I wheel this out every couple of years for those about to be ordained. First written fifteen years ago at least:
The day after I was ordained I went into my study and wondered what a curate did all day. If this happens to you, enjoy it. Things come along to fill your time. But if nobody has sat you down and offered you any tips and hints for making the most of your title parish then how about these? Most of them were learned through failure and inadequacy rather than taught by a wise mentor. Perhaps they might make your life a little easier for the next three years. At minimum you might have as much hair at the end as you have now. And it will be the same colour. Grey hair may be a crown of splendour and a sign of a righteous life but it’s not the only crown or the solitary sign. So try these:
1. Meet people. Don’t have a newspaper delivered. Go and pick it up from the same shop every day. The newsagent knows what’s going on so is worth getting to know. Every three or four months buy one of every paper and compare them. It’ll help you to know how everyone in the parish is thinking. Go to the same pub at the same time every week. Then you’ll become a regular. Take your glasses back and you’ll become a popular regular.

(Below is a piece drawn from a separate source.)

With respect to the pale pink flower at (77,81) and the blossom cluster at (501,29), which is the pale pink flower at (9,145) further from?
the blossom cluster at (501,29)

2. However broke you are, never compromise on the quality of your food.
3. Remember that your vicar/rector is not always right, but apart from matters of grave heresy you’ll find your curacy a more pleasurable experience if you treat her/him as if (s)he is.
4. Have a talk up your sleeve for the unexpected occasions when you’re asked to say a few words. Change it every few weeks. Learn a couple of unusual prayers and graces.

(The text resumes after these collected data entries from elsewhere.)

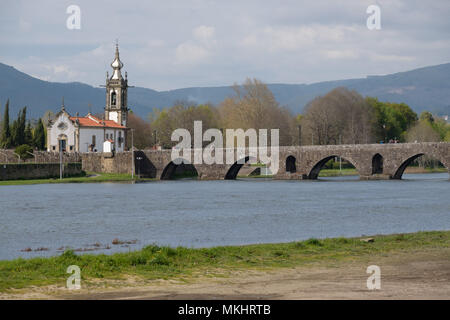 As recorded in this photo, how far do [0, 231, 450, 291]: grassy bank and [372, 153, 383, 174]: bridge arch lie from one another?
60004mm

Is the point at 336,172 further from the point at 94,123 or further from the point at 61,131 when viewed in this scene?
the point at 61,131

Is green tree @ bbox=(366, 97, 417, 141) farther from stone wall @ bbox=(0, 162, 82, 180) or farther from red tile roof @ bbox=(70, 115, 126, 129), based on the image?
stone wall @ bbox=(0, 162, 82, 180)

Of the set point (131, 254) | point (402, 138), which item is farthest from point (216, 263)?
point (402, 138)

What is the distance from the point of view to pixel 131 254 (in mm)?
19078

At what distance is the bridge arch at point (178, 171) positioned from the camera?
301ft

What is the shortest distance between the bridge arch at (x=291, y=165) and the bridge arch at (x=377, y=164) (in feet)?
33.3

5. Wear your clerical collar everywhere for the first six months. It will help you to get used to it and stop feeling self-conscious. Once people know you, wear anything else; otherwise people end up talking to it, not you. You will be breaking canon law but it won’t be the only way so don’t worry unduly. Most changes to laws happen because people start breaking them.
6. Have a whole day off and another night off as well. Don’t go looking for extra work on Saturdays and Sundays. It’ll find you if it needs to.
7. Activate voicemail. Ignore phones during meals. Don’t leave it on when you’re on holiday or you’ll give the impression that you’ll be phoning back in a few minutes and have twenty or thirty annoyed people to call. Don’t leave a message about being on holiday (I know it’s obvious but I did meet someone who did) or all your favourite things will mysteriously vanish by the time you return and the back window will need repairing.
8. Pray and read your Bible a lot. It is work. What a privilege. Always offer to pray with people when you visit, but don’t do it without asking.
9. Walk to as many places as you can. Stop and chat on the way. Ask for 10% of the saving on your expenses claim towards a good new pair of shoes every year. You won’t get it but it makes the point. Always claim your expenses in full, monthly. If not paid you can get tax-relief on them. If you don’t need the money, gift-aid it back.
10. If you’ve got school-age kids then take and fetch them as often as you can. Talk to the other parents waiting outside.
11. Never say, ‘As I’ve said before’ during your curacy. You’ll have plenty of time for repeating yourself in later years.
12. Have a few pieces of music that absolutely guarantee to calm you down (or big you up). Mine, currently, are by a Norwegian band called Undergrunnen
13. Give people your full attention. Even after church services. The worst thing in the world for someone talking to you is to see you looking over their shoulder for the next person you want to ‘just catch’.
14. Remember that there is no difference between real and apparent care. The parishioners need to know that you care. The best way to do this is to really care but cultivate the skill of apparently caring for those days when you don’t.
14b) Infinitives may be split when necessary.
15. Collect postcards and send them to everyone at every possible moment to say thanks, how are you, I thought of you…
16. Never suggest ten steps until you’re sure you can’t think of eighteen. If you think you might have three things to say announce you have four and then stop early if you run out. It'll get a laugh and give you an undeserved reputation for brevity.
17. Become an expert in some small thing. Cemetery wildlife. John chapter 4. Clerical wear 1880-1900. That sort of thing.
18. There are another 200 or so of these on Twitter at #ministrytip
I’ve managed to spend thirty-one ordained years not being the incumbent of anywhere so remember you are ordained for ministry not the vicarage.